5.    Councillor Orhan was also interested in the research, particularly a breakdown on age and gender. If there were issues with young people presenting to A&E, there could be work with the Youth Parliament to help take messages forward.

6.    Parin Bahl confirmed that Healthwatch had already suggested working with the Youth Parliament. It had also been found that patients did not know what was available, and were unclear about use of the A&E or Urgent Care Centre at NMUH. It had been good to see all partners supporting the hospital this winter, but would like assurance that a similar situation would not re-occur in a year’s time.

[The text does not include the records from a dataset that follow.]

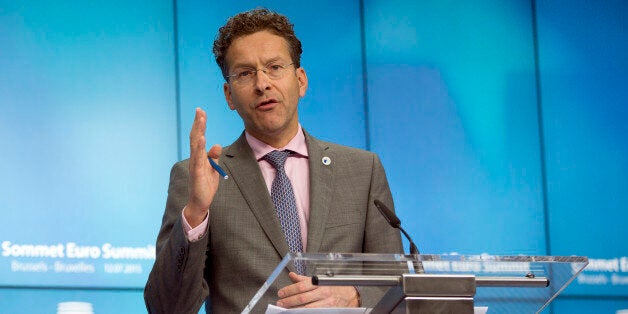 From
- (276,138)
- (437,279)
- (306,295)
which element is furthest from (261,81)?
(437,279)

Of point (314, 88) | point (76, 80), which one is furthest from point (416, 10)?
point (76, 80)

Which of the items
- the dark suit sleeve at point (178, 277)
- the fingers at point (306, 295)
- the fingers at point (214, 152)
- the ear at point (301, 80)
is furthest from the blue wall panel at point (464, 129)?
the fingers at point (306, 295)

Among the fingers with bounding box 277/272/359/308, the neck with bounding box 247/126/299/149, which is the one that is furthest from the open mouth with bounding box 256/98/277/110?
the fingers with bounding box 277/272/359/308

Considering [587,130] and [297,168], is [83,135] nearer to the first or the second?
[297,168]

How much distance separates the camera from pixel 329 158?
2.63m

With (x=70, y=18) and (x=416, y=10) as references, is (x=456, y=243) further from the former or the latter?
(x=70, y=18)

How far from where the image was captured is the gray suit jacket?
84.1 inches

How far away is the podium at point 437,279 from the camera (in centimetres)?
144

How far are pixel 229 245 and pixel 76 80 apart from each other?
2.32 metres

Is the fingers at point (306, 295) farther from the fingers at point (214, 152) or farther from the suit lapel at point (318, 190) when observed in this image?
the suit lapel at point (318, 190)

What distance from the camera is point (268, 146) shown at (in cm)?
263

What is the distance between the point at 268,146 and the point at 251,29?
1.24 feet

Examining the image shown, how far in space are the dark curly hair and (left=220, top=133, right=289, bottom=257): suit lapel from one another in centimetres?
26

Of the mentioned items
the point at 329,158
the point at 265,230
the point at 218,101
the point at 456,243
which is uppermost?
the point at 218,101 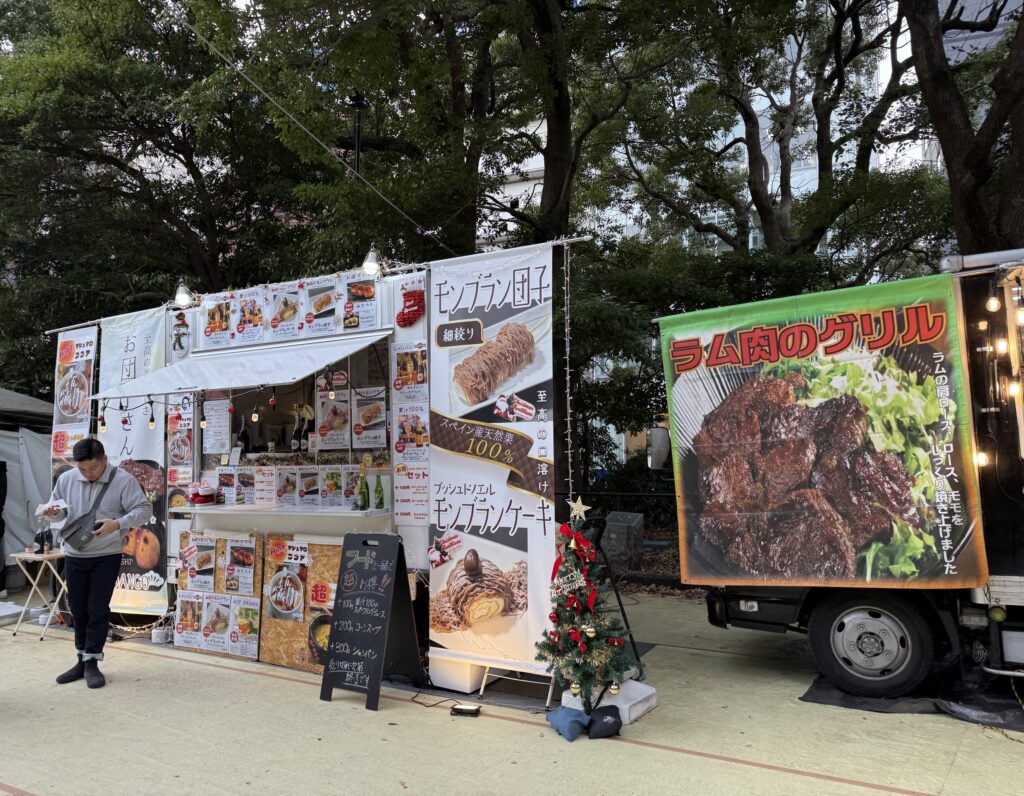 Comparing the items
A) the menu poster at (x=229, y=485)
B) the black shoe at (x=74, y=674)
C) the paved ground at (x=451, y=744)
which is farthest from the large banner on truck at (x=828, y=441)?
the black shoe at (x=74, y=674)

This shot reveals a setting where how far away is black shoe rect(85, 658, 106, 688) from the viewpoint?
5854 mm

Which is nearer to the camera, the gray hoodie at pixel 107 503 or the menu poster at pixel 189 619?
the gray hoodie at pixel 107 503

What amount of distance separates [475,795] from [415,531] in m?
2.30

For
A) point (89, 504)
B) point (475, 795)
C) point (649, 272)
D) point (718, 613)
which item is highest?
point (649, 272)

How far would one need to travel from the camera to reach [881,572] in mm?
5004

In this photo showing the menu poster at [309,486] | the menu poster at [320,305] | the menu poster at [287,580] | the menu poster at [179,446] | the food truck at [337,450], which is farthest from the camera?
the menu poster at [179,446]

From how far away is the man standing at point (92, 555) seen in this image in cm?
594

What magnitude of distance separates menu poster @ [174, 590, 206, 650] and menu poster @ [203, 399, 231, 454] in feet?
4.66

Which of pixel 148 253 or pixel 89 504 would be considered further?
pixel 148 253

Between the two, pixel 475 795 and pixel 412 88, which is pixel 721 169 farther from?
pixel 475 795

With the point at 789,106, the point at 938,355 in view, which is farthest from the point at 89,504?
the point at 789,106

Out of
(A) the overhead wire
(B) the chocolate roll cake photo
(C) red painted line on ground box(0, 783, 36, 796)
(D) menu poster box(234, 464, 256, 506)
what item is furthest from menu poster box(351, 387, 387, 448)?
(C) red painted line on ground box(0, 783, 36, 796)

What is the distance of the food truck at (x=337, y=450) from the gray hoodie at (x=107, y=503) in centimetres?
65

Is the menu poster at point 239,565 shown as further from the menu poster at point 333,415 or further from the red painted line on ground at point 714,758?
the menu poster at point 333,415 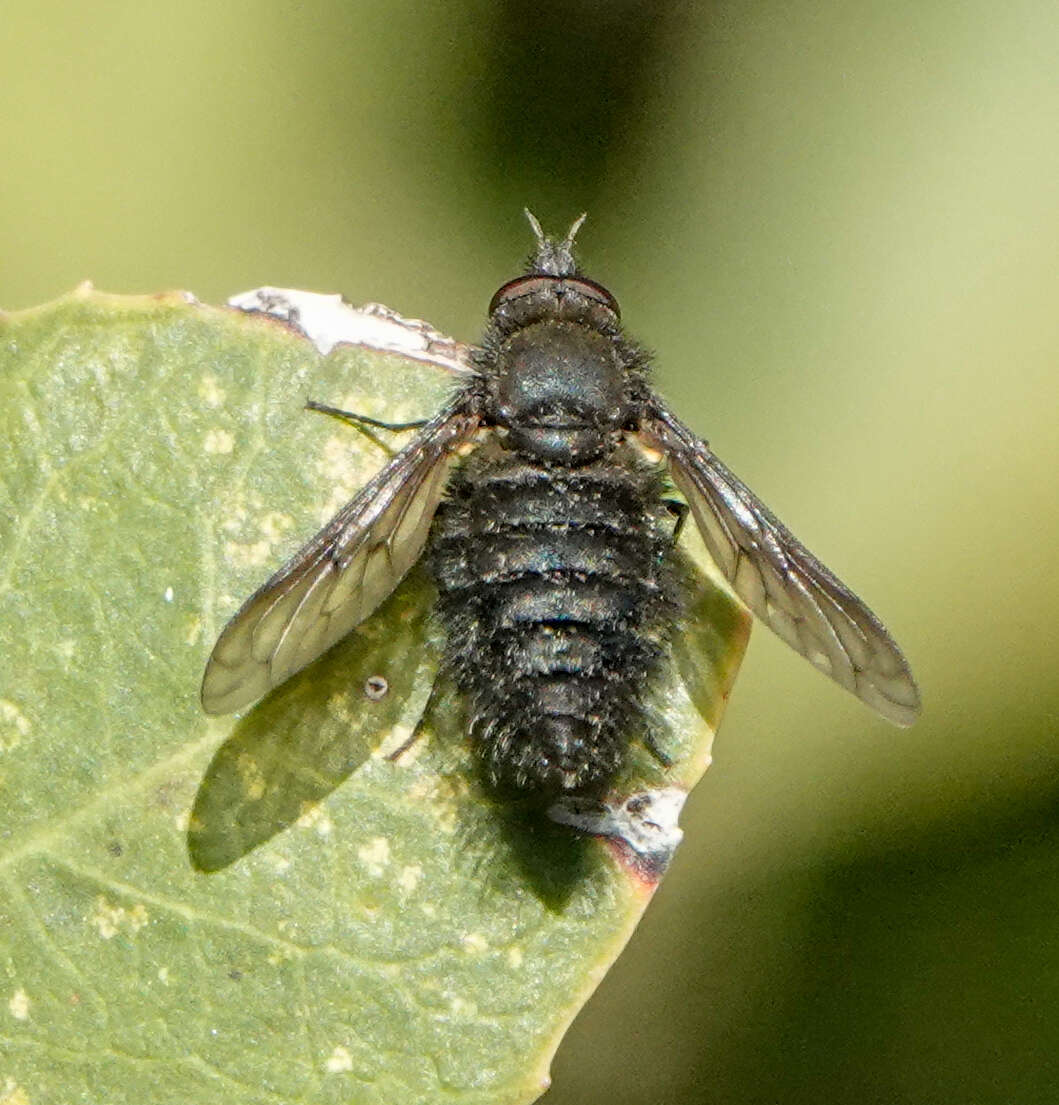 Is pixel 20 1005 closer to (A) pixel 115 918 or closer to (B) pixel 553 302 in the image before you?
(A) pixel 115 918

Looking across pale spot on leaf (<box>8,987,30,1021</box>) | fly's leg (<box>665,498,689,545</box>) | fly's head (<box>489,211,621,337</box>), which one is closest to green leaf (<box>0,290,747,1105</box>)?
pale spot on leaf (<box>8,987,30,1021</box>)

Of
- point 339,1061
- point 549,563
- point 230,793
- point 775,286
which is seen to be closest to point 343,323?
point 549,563

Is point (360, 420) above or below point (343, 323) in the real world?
below

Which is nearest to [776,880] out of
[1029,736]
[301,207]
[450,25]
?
[1029,736]

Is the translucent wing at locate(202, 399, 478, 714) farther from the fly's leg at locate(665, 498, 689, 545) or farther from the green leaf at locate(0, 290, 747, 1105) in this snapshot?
the fly's leg at locate(665, 498, 689, 545)

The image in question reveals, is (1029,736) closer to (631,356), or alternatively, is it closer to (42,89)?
(631,356)

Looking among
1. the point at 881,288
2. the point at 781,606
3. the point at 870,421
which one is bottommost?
the point at 781,606

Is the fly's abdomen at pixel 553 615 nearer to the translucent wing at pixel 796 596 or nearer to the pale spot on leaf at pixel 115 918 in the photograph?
the translucent wing at pixel 796 596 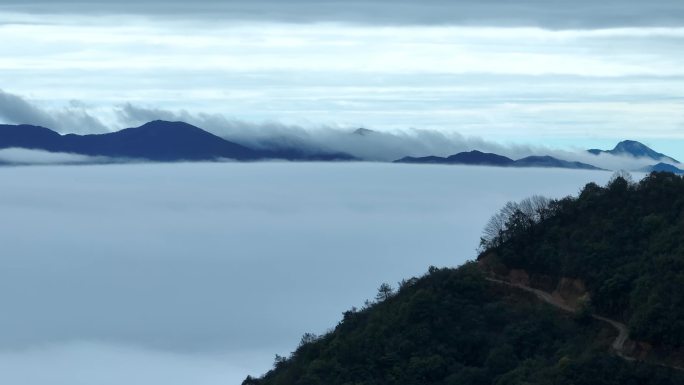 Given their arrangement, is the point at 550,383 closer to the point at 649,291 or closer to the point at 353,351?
the point at 649,291

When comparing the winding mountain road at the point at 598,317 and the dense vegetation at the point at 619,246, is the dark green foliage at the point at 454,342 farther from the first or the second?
the dense vegetation at the point at 619,246

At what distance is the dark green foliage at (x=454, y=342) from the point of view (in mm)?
39438

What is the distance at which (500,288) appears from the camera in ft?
148

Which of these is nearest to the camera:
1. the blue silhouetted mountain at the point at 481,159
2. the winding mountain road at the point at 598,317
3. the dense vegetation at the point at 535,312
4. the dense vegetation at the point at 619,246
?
the dense vegetation at the point at 535,312

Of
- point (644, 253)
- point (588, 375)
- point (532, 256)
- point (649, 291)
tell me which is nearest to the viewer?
point (588, 375)

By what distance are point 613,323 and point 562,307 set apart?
273 centimetres

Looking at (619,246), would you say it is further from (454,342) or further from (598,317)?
(454,342)

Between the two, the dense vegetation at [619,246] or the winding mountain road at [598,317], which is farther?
the winding mountain road at [598,317]

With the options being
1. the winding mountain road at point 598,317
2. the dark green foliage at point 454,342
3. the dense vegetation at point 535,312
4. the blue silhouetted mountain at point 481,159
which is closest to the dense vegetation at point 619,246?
the dense vegetation at point 535,312

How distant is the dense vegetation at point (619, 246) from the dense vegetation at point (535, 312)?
4cm

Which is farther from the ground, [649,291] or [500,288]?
[500,288]

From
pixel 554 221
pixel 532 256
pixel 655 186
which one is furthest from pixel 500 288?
Result: pixel 655 186

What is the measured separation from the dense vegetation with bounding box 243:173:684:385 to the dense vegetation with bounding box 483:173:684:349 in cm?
4

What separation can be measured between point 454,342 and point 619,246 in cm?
722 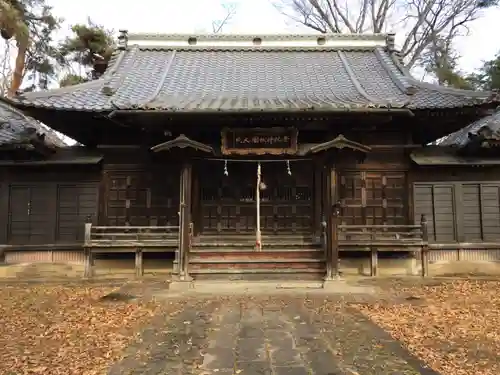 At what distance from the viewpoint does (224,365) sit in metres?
5.19

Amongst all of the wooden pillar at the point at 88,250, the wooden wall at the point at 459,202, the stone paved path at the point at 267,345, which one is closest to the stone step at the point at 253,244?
the wooden pillar at the point at 88,250

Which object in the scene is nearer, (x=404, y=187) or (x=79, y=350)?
(x=79, y=350)

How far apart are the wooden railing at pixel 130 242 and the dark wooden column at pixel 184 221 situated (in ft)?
3.09

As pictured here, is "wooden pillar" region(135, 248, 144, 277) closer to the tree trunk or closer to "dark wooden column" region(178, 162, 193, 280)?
"dark wooden column" region(178, 162, 193, 280)

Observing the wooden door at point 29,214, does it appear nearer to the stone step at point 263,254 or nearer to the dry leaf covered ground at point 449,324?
the stone step at point 263,254

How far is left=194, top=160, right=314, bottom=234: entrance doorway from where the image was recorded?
1275 centimetres

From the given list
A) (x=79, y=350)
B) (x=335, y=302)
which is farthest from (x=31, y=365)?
(x=335, y=302)

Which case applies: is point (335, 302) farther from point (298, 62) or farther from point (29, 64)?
point (29, 64)

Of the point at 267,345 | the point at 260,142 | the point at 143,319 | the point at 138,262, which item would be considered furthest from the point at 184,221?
the point at 267,345

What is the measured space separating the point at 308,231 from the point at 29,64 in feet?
72.8

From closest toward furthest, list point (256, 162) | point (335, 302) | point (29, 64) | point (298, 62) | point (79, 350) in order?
point (79, 350), point (335, 302), point (256, 162), point (298, 62), point (29, 64)

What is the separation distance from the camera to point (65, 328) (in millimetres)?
6934

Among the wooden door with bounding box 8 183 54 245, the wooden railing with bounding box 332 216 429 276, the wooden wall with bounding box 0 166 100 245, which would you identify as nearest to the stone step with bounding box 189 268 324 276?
the wooden railing with bounding box 332 216 429 276

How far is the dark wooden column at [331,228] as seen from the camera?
10430 millimetres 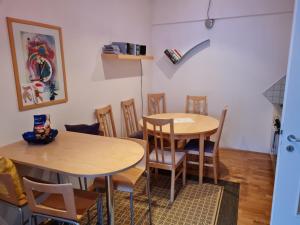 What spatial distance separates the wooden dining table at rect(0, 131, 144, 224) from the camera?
1428 mm

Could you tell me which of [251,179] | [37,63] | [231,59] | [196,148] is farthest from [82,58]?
[251,179]

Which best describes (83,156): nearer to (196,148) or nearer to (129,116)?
(196,148)

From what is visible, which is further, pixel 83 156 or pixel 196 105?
pixel 196 105

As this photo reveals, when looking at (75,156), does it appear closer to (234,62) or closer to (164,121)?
(164,121)

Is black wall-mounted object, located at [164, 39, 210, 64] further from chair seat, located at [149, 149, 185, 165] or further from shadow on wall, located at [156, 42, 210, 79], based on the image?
chair seat, located at [149, 149, 185, 165]

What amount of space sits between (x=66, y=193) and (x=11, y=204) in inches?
21.5

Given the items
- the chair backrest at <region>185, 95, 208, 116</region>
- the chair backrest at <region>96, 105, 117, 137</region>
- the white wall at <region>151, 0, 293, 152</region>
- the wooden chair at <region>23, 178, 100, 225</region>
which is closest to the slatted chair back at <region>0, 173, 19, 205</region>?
the wooden chair at <region>23, 178, 100, 225</region>

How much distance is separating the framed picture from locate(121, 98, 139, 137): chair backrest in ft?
3.71

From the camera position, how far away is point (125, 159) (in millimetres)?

7.    Vivien Giladi commented on not just staff shortage, but a severe shortage of money in the system. Also, the data on inflow had been provided with no comment or profiling of the patients who did not attend booked appointments. She had concerns about mental health support and advised that young people especially were concerned about the paucity of mental health provision. Vince McCabe acknowledged the growing priority and work to be done.

8.    The Chair considered that the issues should be subject to discussion in a development session to take place within the next six months to give more time to look at the research data and the planning for next winter in particular.

 

AGREED

(1)  That the Health and Wellbeing Board noted the schemes, next steps and system partnership working within the presentation.

(2)  The suggestions from Health and Wellbeing Board members of the best forum for System Partners to continue to share and involve the members of the committee of the work taking place across the system, and agreed that a development session be scheduled as discussed.